Josh Craddock

Personal information
- Full name: Joshua Glynn Craddock
- Date of birth: 5 March 1991 (age 34)
- Place of birth: Wolverhampton, England
- Height: 6 ft 1 in (1.85 m)
- Position(s): Forward

Team information
- Current team: Stafford Rangers

Youth career
- 000?–2008: Walsall

Senior career*
- Years: Team / Apps / (Gls)
- 2008–2009: Walsall / 15 / (0)
- 2009: Halesowen Town / 12 / (1)
- 2010: Hednesford Town / 34 / (0)
- 2010–2012: Stourbridge
- 2012–2015: Rushall Olympic
- 2015–: Stafford Rangers

= Josh Craddock =

English footballer

Joshua Glynn Craddock (born 5 March 1991) is a footballer, who plays for Rushall Olympic.

== Career ==
Craddock started his senior career in the Football League for Walsall. He made his debut on 3 May 2008 as a substitute in the Football League One clash with Hartlepool United which finished as a 2–2 draw.

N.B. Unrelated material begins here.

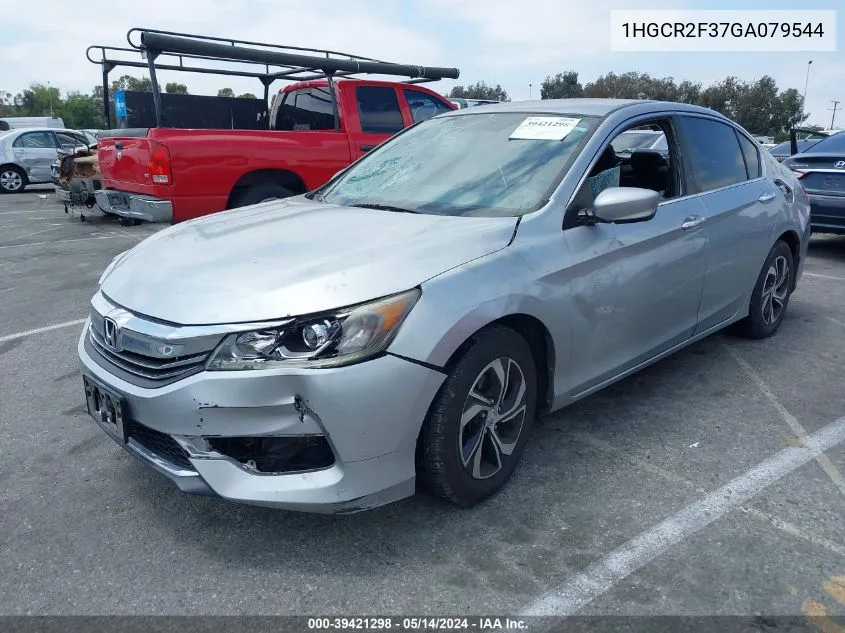 1HGCR2F37GA079544 2016 Honda Accord Lx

In August 2009, Walsall confirmed that Craddock had chosen to leave professional football and go to study at University full-time. The club retain his registration. After leaving Walsall, Craddock spent time with Halesowen Town before joining Hednesford Town in February 2010. He joined in August 2010 to Non League side Stourbridge F.C. and in July 2012 to Rushall Olympic.